You are viewing a plain text version of this content. The canonical link for it is here.
Posted to reviews@spark.apache.org by sarahgerweck <gi...@git.apache.org> on 2014/08/03 12:50:29 UTC

[GitHub] spark pull request: Optionally parallelize the Spark build.

GitHub user sarahgerweck opened a pull request:

    https://github.com/apache/spark/pull/1752

    Optionally parallelize the Spark build.

    This introduces a new environment variable, `SPARK_BUILD_THREADS`,
    that controls the level of Maven parallelization (if set). This uses
    Maven 3's syntax for the number of threads: either a simple integer or
    something like `1.5C` to indicate 1.5 times the number of cores on the
    build server.
    
    On my hardware, (Intel Xeon E5-1620 v2, roughly equivalent to a fast
    i7), a setting of `1.5C` speeds up the build by about 15%.
    
    This will trigger some warnings that the Scala plugins are not marked as
    threadsafe. Several repeated builds show no differences in the compiled
    distribution (save timestamps), but this isn't proof that it can never
    fail.

You can merge this pull request into a Git repository by running:

    $ git pull https://github.com/AtScaleInc/spark parBuild

Alternatively you can review and apply these changes as the patch at:

    https://github.com/apache/spark/pull/1752.patch

To close this pull request, make a commit to your master/trunk branch
with (at least) the following in the commit message:

    This closes #1752
    
----
commit 3cac93065df7c5620c1f4024193c1081a418cdbb
Author: Sarah Gerweck <sa...@gmail.com>
Date:   2014-08-03T09:40:59Z

    Optionally parallelize the Spark build.
    
    This introduces a new environment variable, `SPARK_BUILD_THREADS`,
    that controls the level of Maven parallelization (if set). This uses
    Maven 3's syntax for the number of threads: either a simple integer or
    something like `1.5C` to indicate 1.5 times the number of cores on the
    build server.
    
    On my hardware, (Intel Xeon E5-1620 v2, roughly equivalent to a fast
    i7), a setting of `1.5C` speeds up the build by about 15%.
    
    This will trigger some warnings that the Scala plugins are not marked as
    threadsafe. Several repeated builds show no differences in the compiled
    distribution (save timestamps), but this isn't proof that it can never
    fail.

----


---
If your project is set up for it, you can reply to this email and have your
reply appear on GitHub as well. If your project does not have this feature
enabled and wishes so, or if the feature is enabled but not working, please
contact infrastructure at infrastructure@apache.org or file a JIRA ticket
with INFRA.
---

---------------------------------------------------------------------
To unsubscribe, e-mail: reviews-unsubscribe@spark.apache.org
For additional commands, e-mail: reviews-help@spark.apache.org


[GitHub] spark pull request: Optionally parallelize the Spark build.

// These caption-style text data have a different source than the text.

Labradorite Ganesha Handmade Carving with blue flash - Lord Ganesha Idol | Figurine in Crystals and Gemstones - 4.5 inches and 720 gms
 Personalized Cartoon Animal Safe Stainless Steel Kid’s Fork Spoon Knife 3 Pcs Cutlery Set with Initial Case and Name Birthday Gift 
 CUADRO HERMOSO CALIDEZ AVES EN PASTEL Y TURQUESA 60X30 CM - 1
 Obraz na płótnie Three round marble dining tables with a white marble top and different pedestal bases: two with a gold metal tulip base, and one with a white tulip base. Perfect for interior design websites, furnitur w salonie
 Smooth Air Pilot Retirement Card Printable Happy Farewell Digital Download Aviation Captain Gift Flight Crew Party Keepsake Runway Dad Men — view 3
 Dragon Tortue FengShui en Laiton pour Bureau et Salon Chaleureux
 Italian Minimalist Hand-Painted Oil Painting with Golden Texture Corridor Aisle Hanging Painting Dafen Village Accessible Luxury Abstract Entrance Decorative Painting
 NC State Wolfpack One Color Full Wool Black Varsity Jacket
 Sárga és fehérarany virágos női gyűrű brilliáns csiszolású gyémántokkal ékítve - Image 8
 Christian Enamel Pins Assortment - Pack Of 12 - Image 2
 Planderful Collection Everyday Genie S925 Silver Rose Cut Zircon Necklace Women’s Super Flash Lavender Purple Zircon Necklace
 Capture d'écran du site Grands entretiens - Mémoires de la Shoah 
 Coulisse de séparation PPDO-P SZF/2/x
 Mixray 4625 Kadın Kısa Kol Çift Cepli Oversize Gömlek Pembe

Posted by sarahgerweck <gi...@git.apache.org>.
Github user sarahgerweck commented on the pull request:

    https://github.com/apache/spark/pull/1752#issuecomment-51015956
  
    @pwendell BTW, yes, it works just as well if you just put `-T 1.5C` at the end of your flags, and I agree that this is the right way (unless this were to become a standard flag in the build, which I wouldn't recommend without testing beyond my own). There's no reason to invent another syntax for enabling threading.
    If you're interested, I will take some time this week to write up a paragraph for the docs and send a PR in case others are interested. (To me, shaving ninety seconds off a ten-minute build is a worthwhile speedup, but I won't waste my time unless you think you'd want to add it to the docs.)


---
If your project is set up for it, you can reply to this email and have your
reply appear on GitHub as well. If your project does not have this feature
enabled and wishes so, or if the feature is enabled but not working, please
contact infrastructure at infrastructure@apache.org or file a JIRA ticket
with INFRA.
---

---------------------------------------------------------------------
To unsubscribe, e-mail: reviews-unsubscribe@spark.apache.org
For additional commands, e-mail: reviews-help@spark.apache.org


[GitHub] spark pull request: Optionally parallelize the Spark build.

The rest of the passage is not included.